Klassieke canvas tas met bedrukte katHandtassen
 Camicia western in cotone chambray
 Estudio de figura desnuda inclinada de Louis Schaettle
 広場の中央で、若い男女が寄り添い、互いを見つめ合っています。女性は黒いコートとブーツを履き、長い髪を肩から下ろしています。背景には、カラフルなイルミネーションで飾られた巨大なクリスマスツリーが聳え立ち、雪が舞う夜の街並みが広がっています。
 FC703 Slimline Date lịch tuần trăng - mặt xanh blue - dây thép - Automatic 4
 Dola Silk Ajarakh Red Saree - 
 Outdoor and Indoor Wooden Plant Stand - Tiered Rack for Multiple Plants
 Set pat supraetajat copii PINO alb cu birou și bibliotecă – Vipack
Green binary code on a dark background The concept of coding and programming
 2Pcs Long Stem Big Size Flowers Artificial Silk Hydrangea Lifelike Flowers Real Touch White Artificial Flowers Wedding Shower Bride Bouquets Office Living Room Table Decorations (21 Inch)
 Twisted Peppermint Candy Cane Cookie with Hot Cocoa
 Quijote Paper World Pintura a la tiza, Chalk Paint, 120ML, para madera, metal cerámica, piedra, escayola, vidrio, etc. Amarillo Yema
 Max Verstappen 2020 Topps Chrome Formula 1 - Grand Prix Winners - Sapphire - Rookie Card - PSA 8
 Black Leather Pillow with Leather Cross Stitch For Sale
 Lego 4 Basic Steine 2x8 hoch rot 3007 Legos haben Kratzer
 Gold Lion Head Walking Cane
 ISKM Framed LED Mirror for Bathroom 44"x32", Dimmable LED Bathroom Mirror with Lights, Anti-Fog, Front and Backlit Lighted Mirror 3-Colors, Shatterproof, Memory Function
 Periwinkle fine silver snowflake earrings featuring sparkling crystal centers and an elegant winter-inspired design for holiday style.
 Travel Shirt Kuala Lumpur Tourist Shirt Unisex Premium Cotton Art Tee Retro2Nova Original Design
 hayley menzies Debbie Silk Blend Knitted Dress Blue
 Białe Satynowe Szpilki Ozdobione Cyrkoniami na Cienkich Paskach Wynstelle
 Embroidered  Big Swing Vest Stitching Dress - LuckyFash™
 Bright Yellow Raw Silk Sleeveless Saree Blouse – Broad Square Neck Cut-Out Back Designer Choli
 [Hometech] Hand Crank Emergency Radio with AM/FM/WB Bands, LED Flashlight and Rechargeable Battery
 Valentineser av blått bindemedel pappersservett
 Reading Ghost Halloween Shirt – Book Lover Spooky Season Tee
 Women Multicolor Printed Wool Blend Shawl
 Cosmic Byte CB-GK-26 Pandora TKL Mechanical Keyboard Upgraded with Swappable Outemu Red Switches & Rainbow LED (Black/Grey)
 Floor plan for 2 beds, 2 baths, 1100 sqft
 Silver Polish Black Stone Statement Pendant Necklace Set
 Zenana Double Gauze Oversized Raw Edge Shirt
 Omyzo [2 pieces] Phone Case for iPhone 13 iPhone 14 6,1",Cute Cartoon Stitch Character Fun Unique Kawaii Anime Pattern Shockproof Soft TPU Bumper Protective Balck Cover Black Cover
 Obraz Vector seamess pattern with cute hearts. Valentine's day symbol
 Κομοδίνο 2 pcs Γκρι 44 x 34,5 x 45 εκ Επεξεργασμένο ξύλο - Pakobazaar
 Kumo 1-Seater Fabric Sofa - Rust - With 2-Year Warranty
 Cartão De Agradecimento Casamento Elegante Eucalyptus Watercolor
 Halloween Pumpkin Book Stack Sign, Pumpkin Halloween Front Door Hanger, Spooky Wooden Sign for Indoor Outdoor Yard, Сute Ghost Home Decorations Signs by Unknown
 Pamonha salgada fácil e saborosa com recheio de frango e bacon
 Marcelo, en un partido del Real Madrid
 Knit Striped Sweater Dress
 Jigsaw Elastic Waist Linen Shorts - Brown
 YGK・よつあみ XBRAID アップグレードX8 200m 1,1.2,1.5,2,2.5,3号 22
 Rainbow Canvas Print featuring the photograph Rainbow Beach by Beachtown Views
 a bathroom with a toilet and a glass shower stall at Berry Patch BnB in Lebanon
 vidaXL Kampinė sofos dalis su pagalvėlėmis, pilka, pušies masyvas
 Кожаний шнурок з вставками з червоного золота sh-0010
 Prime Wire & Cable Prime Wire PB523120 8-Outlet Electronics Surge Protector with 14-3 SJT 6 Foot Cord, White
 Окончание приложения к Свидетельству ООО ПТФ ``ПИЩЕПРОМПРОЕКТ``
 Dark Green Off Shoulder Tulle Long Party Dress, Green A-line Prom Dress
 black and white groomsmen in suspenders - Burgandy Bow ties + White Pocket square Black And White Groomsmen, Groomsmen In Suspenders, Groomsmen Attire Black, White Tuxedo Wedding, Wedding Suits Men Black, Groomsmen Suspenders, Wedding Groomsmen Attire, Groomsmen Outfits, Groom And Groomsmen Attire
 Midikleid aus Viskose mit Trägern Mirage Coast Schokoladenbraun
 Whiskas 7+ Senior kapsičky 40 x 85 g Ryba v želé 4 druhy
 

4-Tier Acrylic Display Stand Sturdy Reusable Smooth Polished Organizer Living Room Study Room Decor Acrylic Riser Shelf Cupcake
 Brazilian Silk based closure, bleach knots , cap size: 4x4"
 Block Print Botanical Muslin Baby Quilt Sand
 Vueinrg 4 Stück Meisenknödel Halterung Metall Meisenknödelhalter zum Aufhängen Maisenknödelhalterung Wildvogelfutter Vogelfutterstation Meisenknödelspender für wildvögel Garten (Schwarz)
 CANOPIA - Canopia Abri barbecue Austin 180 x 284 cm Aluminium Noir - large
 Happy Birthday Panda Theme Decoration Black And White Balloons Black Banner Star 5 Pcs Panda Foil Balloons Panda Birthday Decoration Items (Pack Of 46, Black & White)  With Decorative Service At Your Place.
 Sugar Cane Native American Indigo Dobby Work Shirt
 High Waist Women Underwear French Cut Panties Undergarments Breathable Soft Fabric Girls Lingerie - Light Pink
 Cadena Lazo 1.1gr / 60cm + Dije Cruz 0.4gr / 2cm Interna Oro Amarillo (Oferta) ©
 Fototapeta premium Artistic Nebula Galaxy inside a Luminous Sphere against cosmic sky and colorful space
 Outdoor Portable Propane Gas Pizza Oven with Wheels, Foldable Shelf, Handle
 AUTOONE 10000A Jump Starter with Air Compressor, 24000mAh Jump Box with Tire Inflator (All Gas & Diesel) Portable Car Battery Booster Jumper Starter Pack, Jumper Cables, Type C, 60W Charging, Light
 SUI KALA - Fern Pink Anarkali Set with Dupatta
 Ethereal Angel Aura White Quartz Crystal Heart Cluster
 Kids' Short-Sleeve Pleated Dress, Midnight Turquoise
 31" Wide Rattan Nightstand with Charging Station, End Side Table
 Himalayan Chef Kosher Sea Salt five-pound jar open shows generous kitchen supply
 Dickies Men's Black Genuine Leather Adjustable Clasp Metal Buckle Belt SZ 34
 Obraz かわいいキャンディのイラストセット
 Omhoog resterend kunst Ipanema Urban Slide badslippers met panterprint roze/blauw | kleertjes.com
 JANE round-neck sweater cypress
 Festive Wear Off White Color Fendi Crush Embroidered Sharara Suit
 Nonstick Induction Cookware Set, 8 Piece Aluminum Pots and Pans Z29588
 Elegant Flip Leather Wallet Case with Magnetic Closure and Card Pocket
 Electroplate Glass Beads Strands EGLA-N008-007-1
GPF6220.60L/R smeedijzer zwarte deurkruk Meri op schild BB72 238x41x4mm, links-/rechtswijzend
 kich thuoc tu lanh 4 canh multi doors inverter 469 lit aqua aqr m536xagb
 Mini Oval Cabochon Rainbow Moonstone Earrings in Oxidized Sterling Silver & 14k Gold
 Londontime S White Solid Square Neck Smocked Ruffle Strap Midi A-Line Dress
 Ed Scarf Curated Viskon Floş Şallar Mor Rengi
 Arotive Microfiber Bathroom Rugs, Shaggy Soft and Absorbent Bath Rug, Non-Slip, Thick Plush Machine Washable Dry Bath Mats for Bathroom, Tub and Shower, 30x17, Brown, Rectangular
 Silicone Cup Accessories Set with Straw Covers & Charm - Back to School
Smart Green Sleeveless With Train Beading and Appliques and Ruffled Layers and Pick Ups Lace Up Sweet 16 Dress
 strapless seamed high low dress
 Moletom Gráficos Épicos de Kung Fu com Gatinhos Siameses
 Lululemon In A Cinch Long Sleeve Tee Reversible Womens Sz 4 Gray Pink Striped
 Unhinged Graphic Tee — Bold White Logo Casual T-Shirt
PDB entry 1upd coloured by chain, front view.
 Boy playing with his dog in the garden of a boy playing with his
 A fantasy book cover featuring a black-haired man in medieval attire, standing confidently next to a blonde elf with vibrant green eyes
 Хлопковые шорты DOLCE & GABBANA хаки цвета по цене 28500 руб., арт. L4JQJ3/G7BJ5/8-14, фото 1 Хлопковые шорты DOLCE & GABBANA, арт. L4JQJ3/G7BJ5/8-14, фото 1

* * *

* _EXERCISE PROMPT_: Lines after the one containing "Green binary code" are not wanted; repeat exactly each line above from the first up to and including it.

* _PROBLEM SOLUTION_:
Klassieke canvas tas met bedrukte katHandtassen
 Camicia western in cotone chambray
 Estudio de figura desnuda inclinada de Louis Schaettle
 広場の中央で、若い男女が寄り添い、互いを見つめ合っています。女性は黒いコートとブーツを履き、長い髪を肩から下ろしています。背景には、カラフルなイルミネーションで飾られた巨大なクリスマスツリーが聳え立ち、雪が舞う夜の街並みが広がっています。
 FC703 Slimline Date lịch tuần trăng - mặt xanh blue - dây thép - Automatic 4
 Dola Silk Ajarakh Red Saree - 
 Outdoor and Indoor Wooden Plant Stand - Tiered Rack for Multiple Plants
 Set pat supraetajat copii PINO alb cu birou și bibliotecă – Vipack
Green binary code on a dark background The concept of coding and programming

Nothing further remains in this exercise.